右の2本は秋田マタギが主に熊の狩猟で山中に入るときに携帯使用するものです。一本で調理、仮設小屋の設営、仕留めた熊の解体等の全てに使うものです。
「ナガサ」に出会ったのは、今から50年近く前の鉱山地質3年の進級論文で阿仁町(現北秋田市)のフィールド調査で1か月ほど滞在した時です。ここは奥羽山脈のど真ん中で住民より熊の数の方が多いところです。沢には秋鮭が遡上してきますし、国道の脇でイワナが釣れます。
同町の根子部落に住む阿仁マタギの方に食事などを出していただき親切にしていただきました。大きな木造の家屋でその際にナガサのことを伺いました。彼が見せてくれたのは黒光りし、使い込んだ「袋ナガサ」と呼ばれる、柄の部分が金属の筒状になったものでした。(掲載した写真は「木の柄ナガサ」) 同「袋ナガサ」は柄のところに太い枝を差し込んで固定し槍のように使います。狩猟銃で仕留め損なって熊に反撃された場合にこれで喉を突くそうです。何人かで熊を狩猟しその場で解体しますが、最も価値のある「熊の胆」(胆嚢)とその他の部位や皮とに分配するそうです。その際に少量頂いた漢方薬の「熊の胆」は後に金と同じ価値があると知って驚いたことを覚えています。加えて、彼の山の王者である熊や自然に対する畏敬の念が強く感じられました。
左側の一本は三河山地(豊田市)の奥地で全国の猟師から評判の鍛冶職人がいると聞いて工房見学した際にお願いして手に入れたものです。鍛冶職人は安藤豊久氏(当時80歳)です。60年以上に亘り、一人で農具、包丁、山刀を製作されてきたそうです。驚いたのは、刃はもちろん柄、鍔(真鍮の叩きだし)、鞘、革細工まで全て本人の手作業です。最近は北海道のヒグマ猟師からの注文が多いと言っておられました。
仕事の合間には小さな工房の脇を流れる沢でアマゴ釣りを楽しむそうです。しかし、最近設楽ダムの建設に伴う立ち退きで、息子の住む都会に引っ越さなければならなくなったと寂しそうでした。

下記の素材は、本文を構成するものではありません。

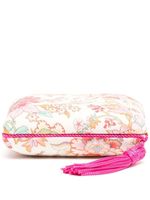 Sophie Bille Brahe coussin Sonya en velours - Multicolore - thumbnail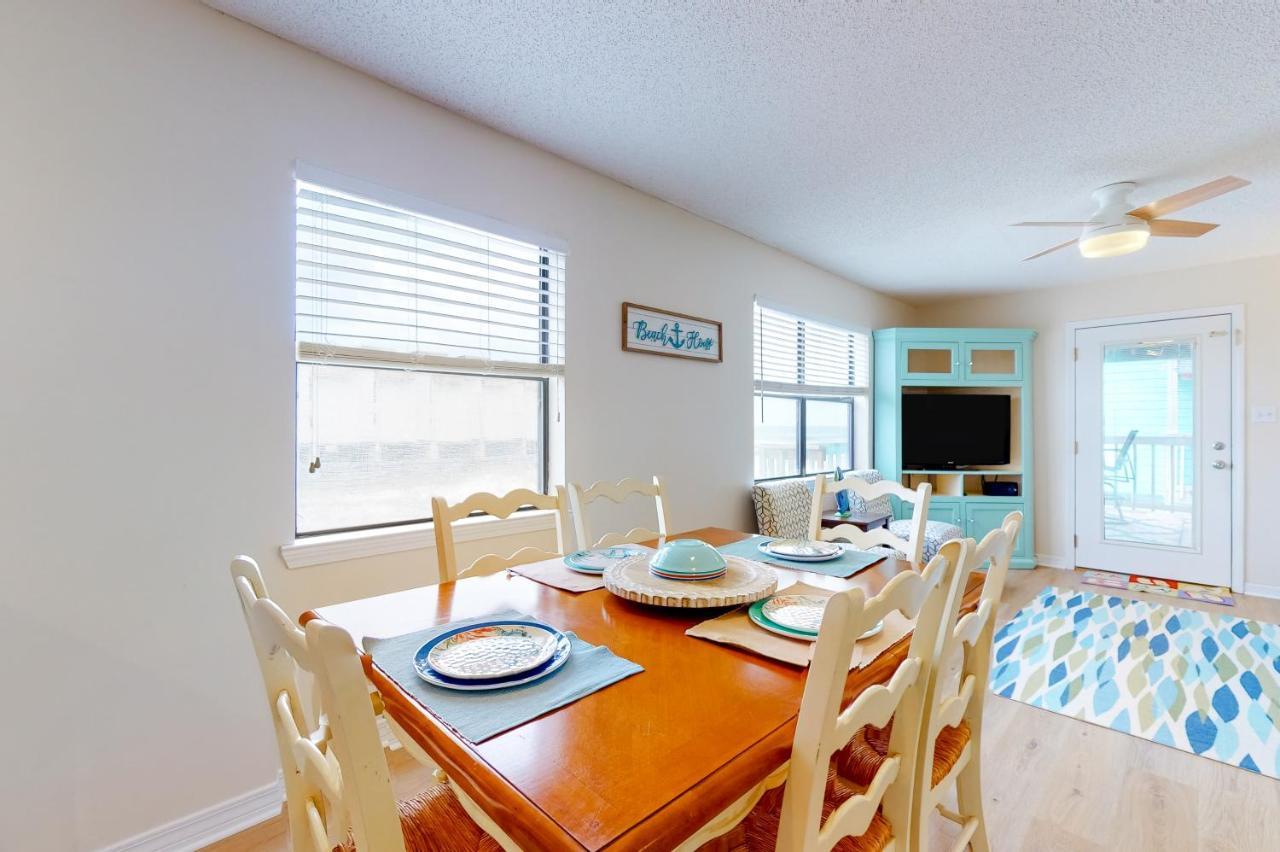 Lani Kai 130 Apartman Gulf Shores Kültér fotó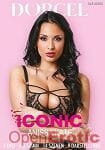 Iconic Anissa Kate - 2 DVDs - über 4 Stunden (Marc Dorcel) Iconic Anissa Kate - 2 DVDs - über 4 Stunden (Marc Dorcel)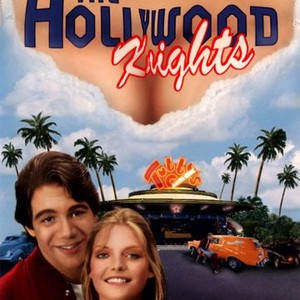 The Hollywood Knights photo 3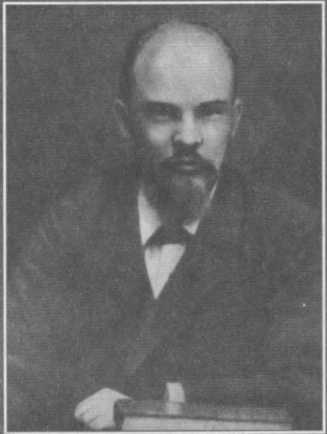 Арманд и Крупская: женщины вождя - i_006.jpg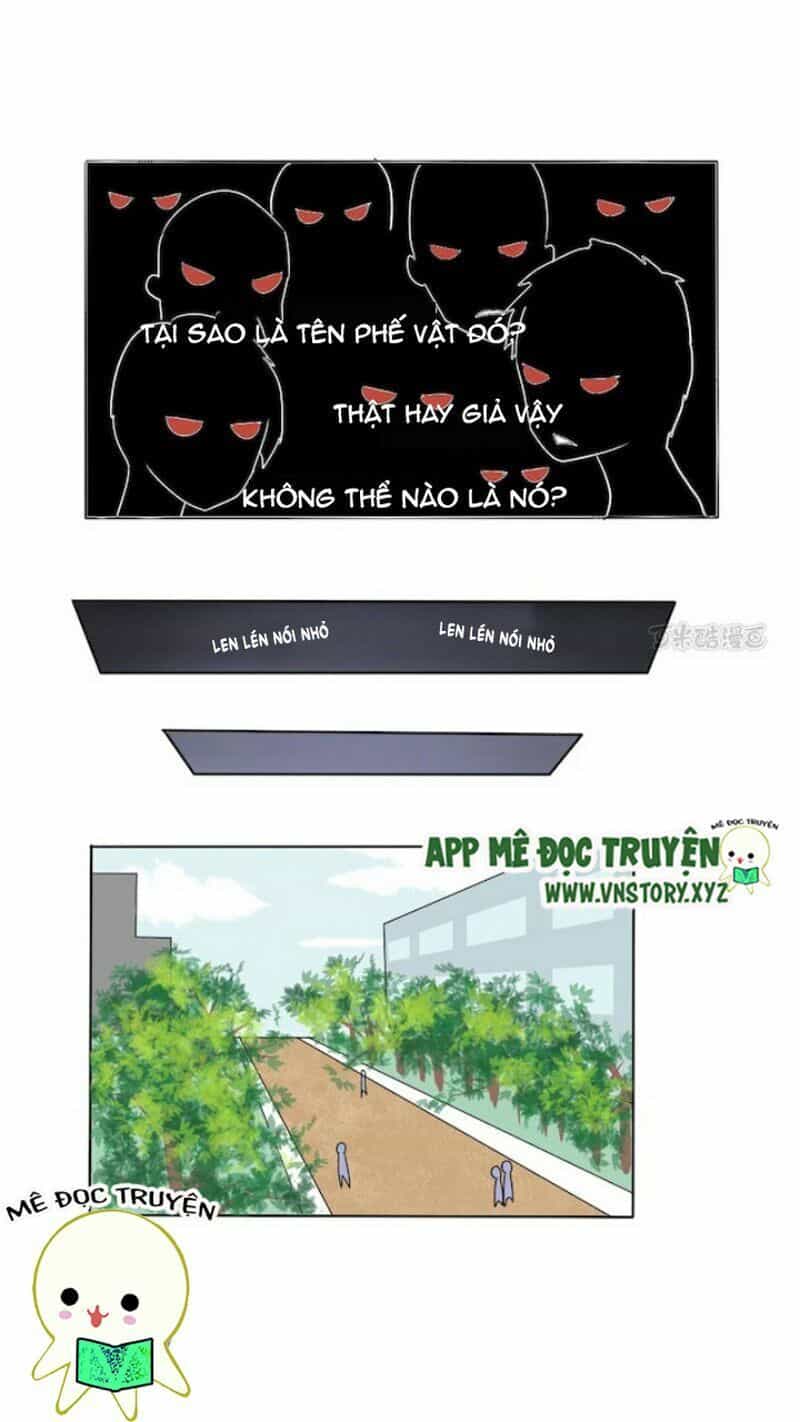 Quỷ Oa Kiều Thê Của Tôi - Chương 11 - ảnh 7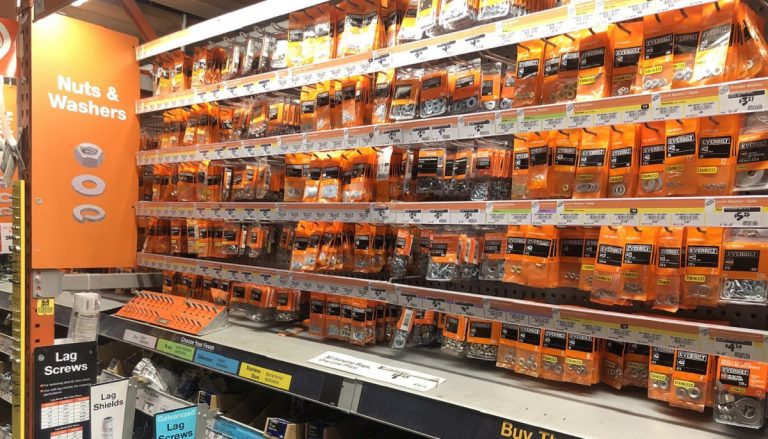 Meilleurs magasins Bricolage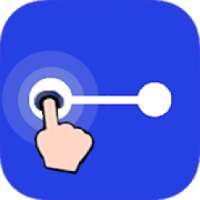 One Line one tapotement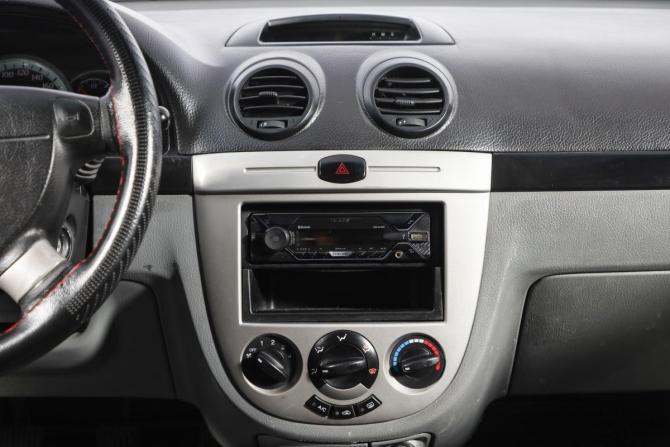 Chevrolet Lacetti I с пробегом 2008 года, цена 379 000 рублей, 220000 км, хэтчбек, Автокод Объявления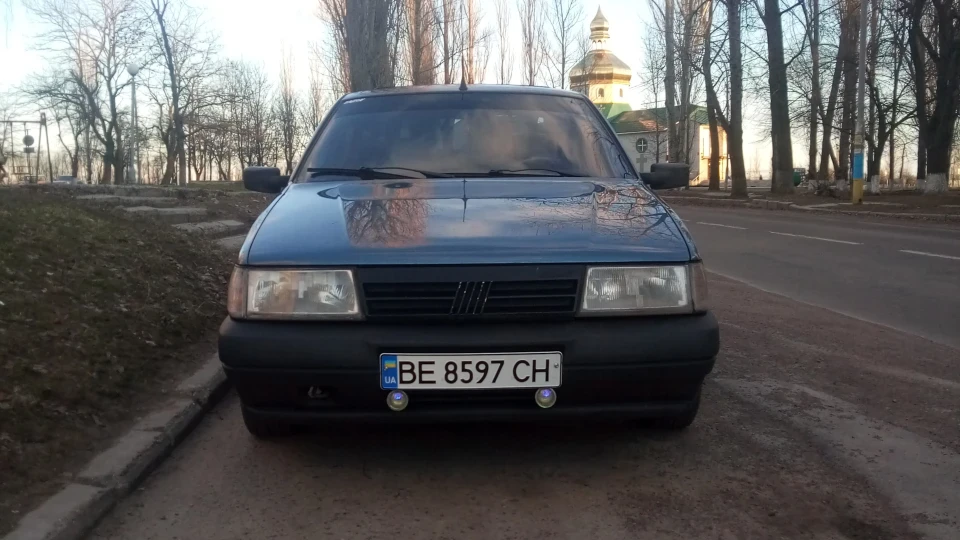 FIAT Tempra 1.6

最初はどちらもその機能美に惹かれて手に入れました。しかしながら手にして眺めていると、今まで歩いてきた美しい豊かな日本の自然を感じるのは私だけでしょうか。このようなものを創り出せる職人達やマタギに遭うことが出来たことは僥倖でした。同じ刃物で武器である日本刀の威圧感や芸術性とは明らかに異なりますね。